The financially unthinkable has happened. King Arthur: The Legend of the Sword, is flopping at the box office. The $175 million budget movie is on pace to make about $100 worldwide. A movie with a bland main character, predictable story, completely grey color scheme, released the after the 2nd biggest movie of the year, is flopping. So what went wrong?

Let’s start with a few things about the box office. The ultimate internet location for box office information is BoxOfficeMojo.com. They are the first to report the weekend numbers, they have easy to sort lists by actor, director, movie franchise, and even genre. Most of what I reference for this post will be from that websites figures. On top of that, when looking at a movie’s budget, there is a generally accepted formula of doubling the listed production budget to account for the marketing the studio spent on the movie. It is not an exact science, but a simple enough scaling formula. The bigger the budget, the bigger the movie, the more commercials, cross promotions, etc. This is what takes a movie like Disney’s John Carter, which at first appears to have made a $30 million, actually one of the biggest flops ever. For King Arthur, the $175 million production budget means approximately $350 million in total cost. In the first weekend GLOBALLY, the film grossed $50 million. Movies typically make 30-40% of their total gross on opening weekend. This is a flop.

I cannot help but start with genre. King Arthur appears slightly different at first, but really I believe it belongs in the sword & sandals action subgenre. This would be any movie that has action, and takes place in a time before guns and other modern technology. The genre has been around since the beginning of movies, with pictures like Spartacus and Ben-Hur standing out as legendary movies within the genre. But much like Westerns, there has been an ebb and flow to the S&S movies. With releases like Exodus: Gods and Kings, Gods of Egypt, Ben-Hur(2016), Seventh Son, and now King Arthur, we are in an ebb.

Here is what is probably confusing studio executives. We live in a Game of Thrones era. A show with about sword fighting, medieval times, with large CGI budgets for dragons and magic, is the most popular show on premium cable. It is a cash cow for HBO, resulting in possibly as many as 4 spin-off shows after its conclusion in 2018. Execs are green-lighting the King Arthurs of the world based on the success of Game of Thrones. This has to be the case. You can even see Game of Thrones actors in these movies, so the writing is on the wall. What they are grossly underestimating is the impact of the brand. Game of Thrones was a risk from the beginning, a series that would not have lasted on its season 1 viewer numbers. Instead it bred new readers of the popular and ongoing book series, people who started with the show, went to the books, and back again. You can sink you teeth into the lore. King Arthur is here and gone within a few short weeks. The lore of the underdog pulling the sword from the stone is readily available, but it is not the hot topic of today. Sticking Littlefinger and Roose Bolton into the movie will not help that cause.

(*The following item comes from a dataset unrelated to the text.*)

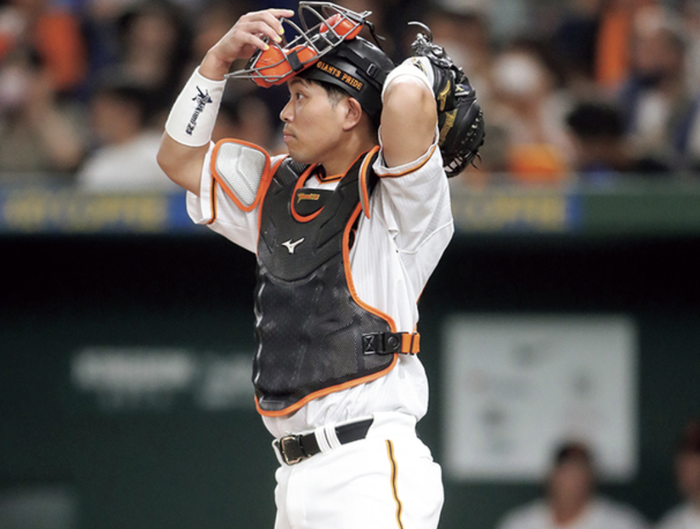 スクリーンショット 2023-08-29 14.14.53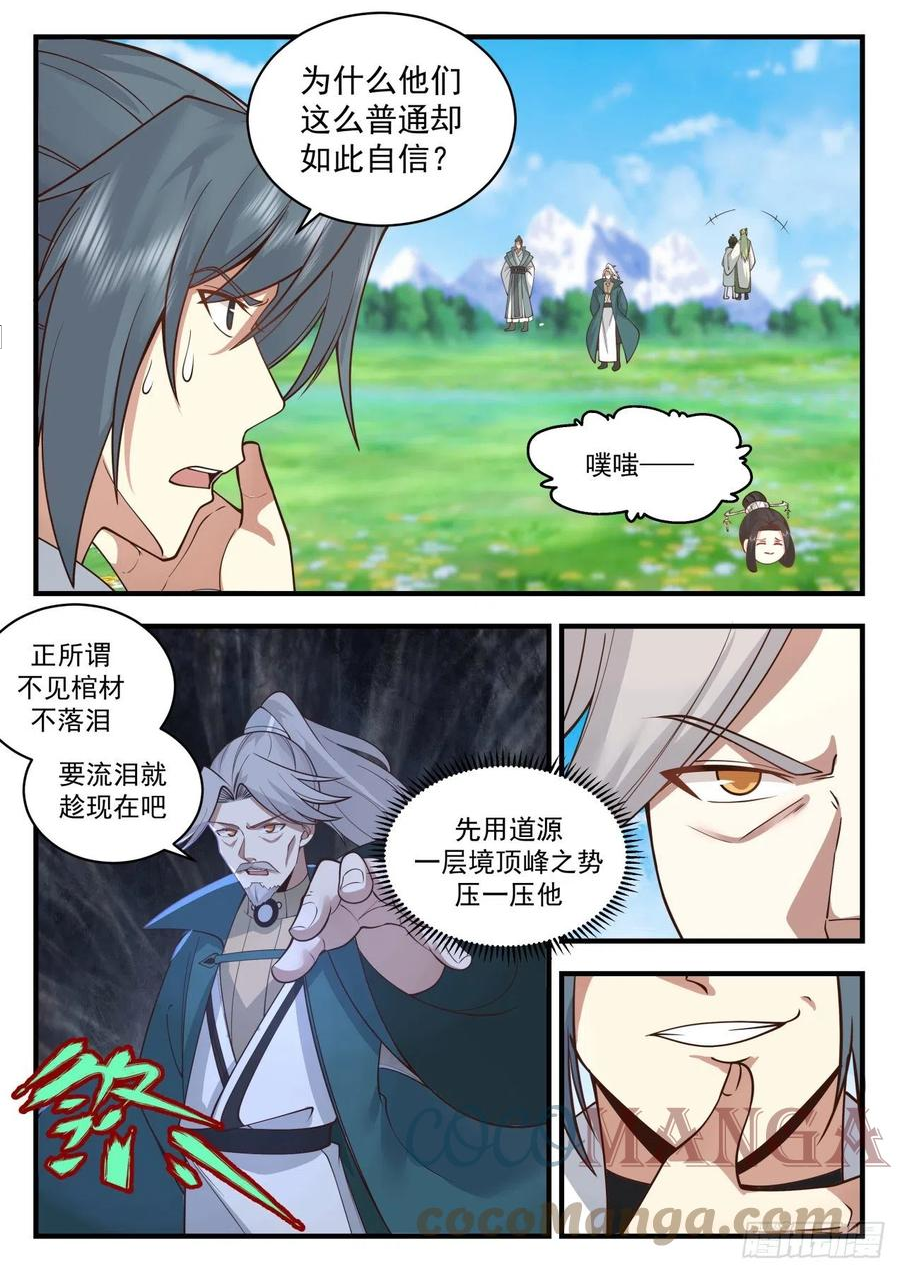 武炼巅峰漫画免费阅读下拉式六漫画漫画,祖域篇-死神降临3图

When you look at a list of box office flops, there are lessons to be learned. It is just surprising they have not been learned yet by critical financial decision makers. The Sword and Sandals genre may be at an all-time low right now, but it is conceivable that one day popular source material or an A-list cast could bring about a diamond in the rough. The adjacent idea is this: do not invest 10’s of millions of dollars into CGI, the biggest driver of movie budgets these days, without knowing you have some kind of audience behind the idea. Even the almighty Disney made this mistake twice last year with The BFG and Pete’s Dragon, not realizing that mildly popular stories from more than 20 years ago would not translate into revenues able to recoup $150 million budgets. This may sound like an anti-originality, big business attitude, but movies are a business, and there is a happy medium to be had here. King Arthur, the BFG, Pete’s Dragon, John Carter are examples of movies that are not original, having come from other material, and re-hashing familiar themes about underdogs and exiles. I am fine with Disney planning on having the massive profits of Star Wars and Marvel movies bolster the risk of other releases, but let’s make those releases original in concept. Otherwise, we are left with King Arthur, which has come and will pass, only to be forgotten forever, with only Warner Bros accountants remembering it for its nearly $100 million loss on their books.

Additional thoughts:

  • The aforementioned Gods of Egypt is a perplexing one. It was my worst movie of 2016, an utterly boring and head scratching 2 hour experience. At least as my Game of Thrones idea goes, they actually put a prominent GoT actor, Nikolaj CosterWaldau (Jamie Lannister) in the lead role. You can at least look at that poster and say “hey, it’s a movie with Jamie Lannister”. I noticed Michael McElhatton made it into a few King Arthur tv spots. Did any GoT fan watch those and think “Oh my god, it’s a movie with Roose Bolton!!”
  •  I evaluate King Arthur based on the state of the genre, the over indulgence of CGI, and the timing, but remember, there was a King Arthur movie in 2004, starring a fresh-off-Pirates of the Caribbean Keira Knightley. That movie was a 200 mill revenue against a 120 budget, technically a loss by the basic formula’s standards. You knew what you were getting into, Warner Bros!